Tasmanian Hockey Centre
- Interactive map of Tasmanian Hockey Centre
- Location: 1 Bell Street, New Town, Tasmania, 7008
- Coordinates: 42°51′14″S 147°18′51″E﻿ / ﻿42.85389°S 147.31417°E
- Owner: Government of Australia
- Operator: Hockey Tasmania
- Capacity: 600 (fixed)

Tenants
- Hockey Tasmania AHL (1991–2018): Tassie Tigers (M) and Tassie Van Demons (W) Hockey One (2019–): Tassie Tigers (M + W)

= Tasmanian Hockey Centre =

Stadium in Hobart, Tasmania

The Tasmanian Hockey Centre is a government-owned outdoor field hockey stadium located in New Town, Tasmania, a northern suburb of Hobart. It offers three international standard water-based hockey pitches which are used for both international and domestic competition, as well as training activities.

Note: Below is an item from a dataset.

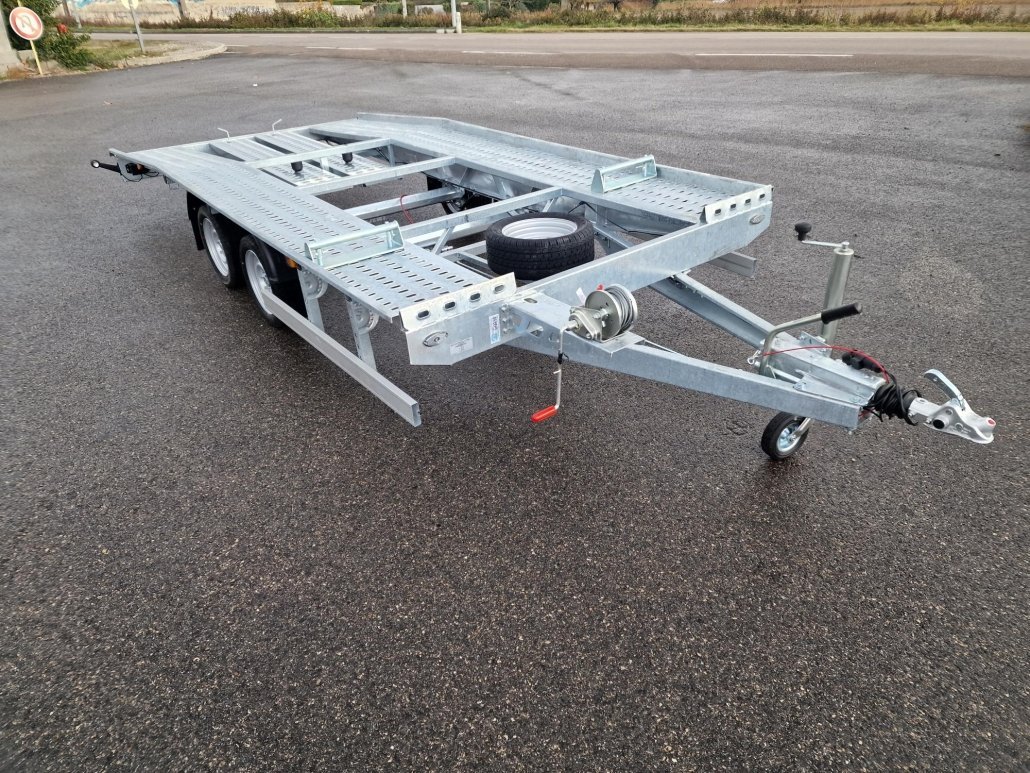 Boro Jupiter NB 4527 Autotransportanhänger – 450×200 cm – zulässiges Gesamtgewicht 2700 kg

The stadium is home to the Tassie Tigers men's and women's hockey teams in Hockey Australia's premier domestic league, the Sultana Bran Hockey One League.

==Facilities==
===Pitches===
The Tasmanian Hockey Centre houses three international water-based pitches. The two main pitches are separated by the main building.

===Function rooms===
The Tasmanian Hockey Centre is home to 'The Function Centre', a public café. In addition to this, the Function Centre can also host large functions, with a choice of private function rooms housed within the complex.

==Hockey==
===National competitions===
The Tasmanian Hockey Centre has played host to a number of national championships. The centre most recently hosted home matches for the Tassie Tigers in the Sultana Bran Hockey One League in the league's inaugural editions.

===International competitions===
In addition to national competition, the centre has also hosted international competitions on a number of occasions, including:

- 2001 Men's FIH Junior World Cup.
- 2011 Men's and Women's editions of the Oceania Cup.